## RAW DATA
----------

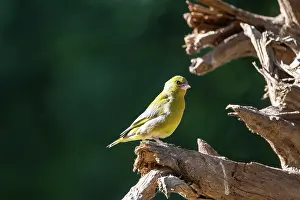 Passereau: EUROPEAN GREENFINCH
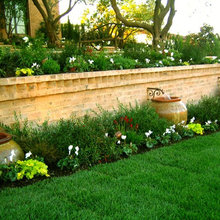 Back Patio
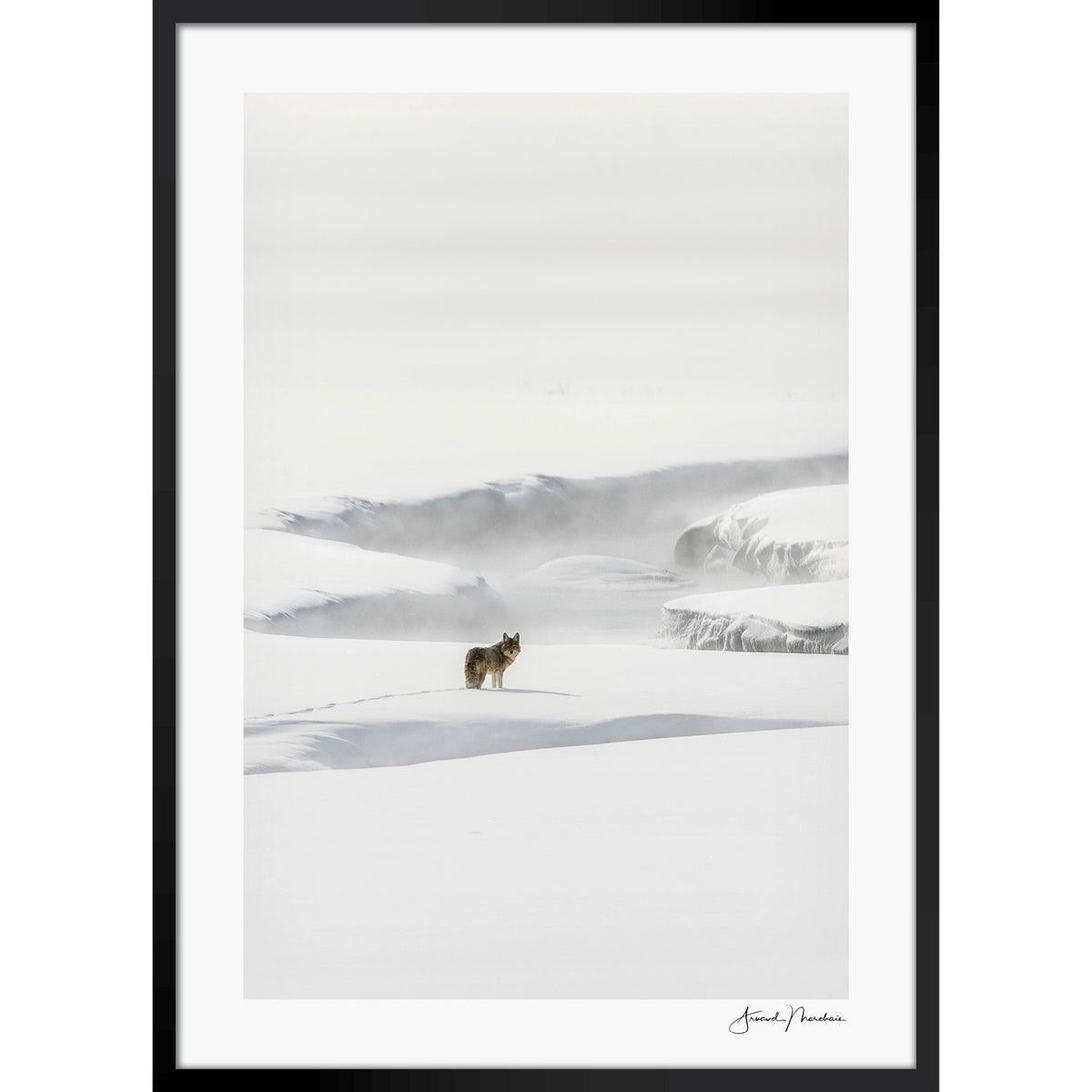 Yellowstone Coyote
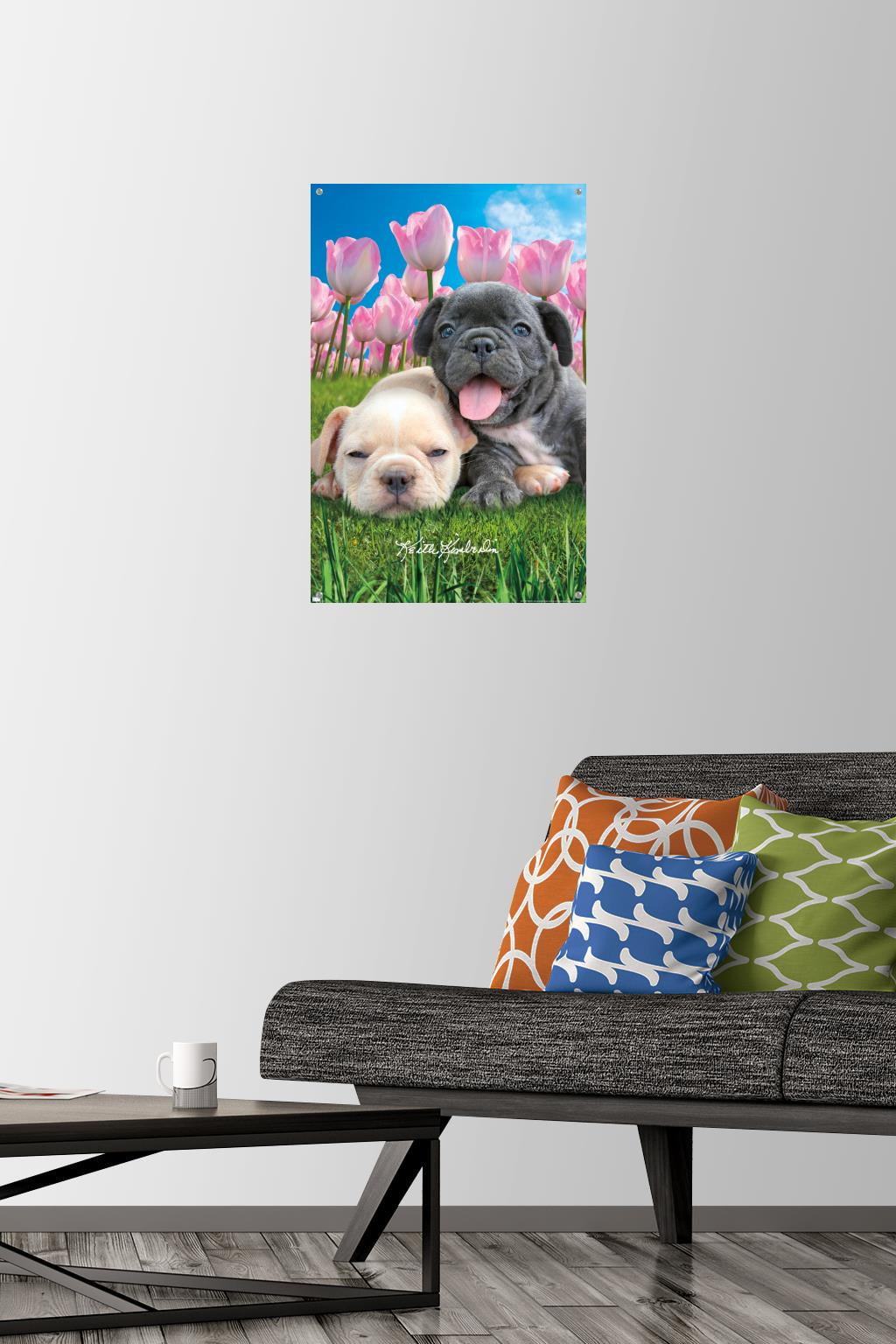 Keith Kimberlin - Bulldog Puppies Wall Poster with Pushpins, 14.725" x 22.375"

----------

## WORK TO COMPLETE
The pictures in the data should be omitted, and every remaining line set down exactly.

## COMPLETED TASK
 Passereau: EUROPEAN GREENFINCH
 Back Patio
 Yellowstone Coyote
 Keith Kimberlin - Bulldog Puppies Wall Poster with Pushpins, 14.725" x 22.375"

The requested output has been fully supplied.